Whenever my family leaves town, or at least in the old days when the kids were in the back of the Ford Aerostar...we used to insert a cd of Tom Petty's greatest hits, and the first number or so was the song with the line "The Future is wide open." It was kind of a soothing ritual...and during times of stress...like leaving for college...leaving for a job...etc, etc,,,well to summarize...we wore out the cd...I am not sure statistically whether we did indeed reduce the amount of stress...we did not have a proper test group...but still....here is my review of the concept. Whenever we listened to the song, as the older guy in the group, I just wondered whether anyone had really tested just how wide open the future was....and then last week, I heard a presentation in which a guru said that the stock market pundits who say that one should "never limit your upside" are simply full of "xxxt"....The truth that the money pros all know is that one "ALWAYS" limits the upside, and takes the other side of the transaction, making oneself the banker, not the river gambler....writing calls, shorting...anything but gambling on the eternal upside.... So there it is,,,about the "Future is Wide Open"....and now I think of Tom Petty as a financial guru...I do need to get another cd so I can never forget the message....

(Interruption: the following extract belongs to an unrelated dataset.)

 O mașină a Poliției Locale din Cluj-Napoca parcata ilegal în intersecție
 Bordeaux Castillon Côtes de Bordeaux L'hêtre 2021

Charts Describe the Past; Options Speculate on the Future: Do not confuse the two

Whenever one reads a written piece of promotion from a Wall street firm, one usually finds the disclaimer, "Past results to not imply future performance." And one might wonder why this is so...because it is required to tell investors that the past is gone...done...and yesterday does not matter... Someone needs to tell those chart guys the above paragraph....all the chart guys seems to think that they seem to know....trust me..they don't...and legally cannot....make a note of it.

Sunday, June 9, 2013

"You Don't Know the Future---Trust me": a classic from www.tastytrade.com:

In a quick overview of financial education by Trader Bob last week on Tasty Trade, which broadcasts at www.tastytrade.com he mentioned that in traditional instruction, as limited as it is for our high school and college graduates...there is the learned behavior of having a "belief" about the future...as in ,,,after analysis I believe that...a) the market is going down, or b) or going up or c) going sidewise.....ditto for individual stocks. In reality, when listening to the pundits on tv, they mostly just recite the data points from the past and point to "interesting" and "foreboding" signs,,,maybe giving them a "double top" or such magical name to impart some meaning to the lines and formations....and in the end, making you believe that because they have shown you this funny little diagram, they know something very deep and profound about the future----and to which, Trader Bob says----"Trust me--you do not know the Future". As a test for me of his instruction, I have begun placing both bullish and bearish option positions on a "paper" trading platform called "Think or Swim". Immediately after placing the positions, I have been carefully noting that one of the positions is profitable, and one unprofitable literally seconds after putting the trade on...and mostly, it does not go as I presume...and I think...and as I believe...merging my belief and my knowledge....and well...it all has added up to squat...and in the end...it is best that I get "agnostic" or "sanguine" or in Trader Bob's favorite term---"Delta Neutral."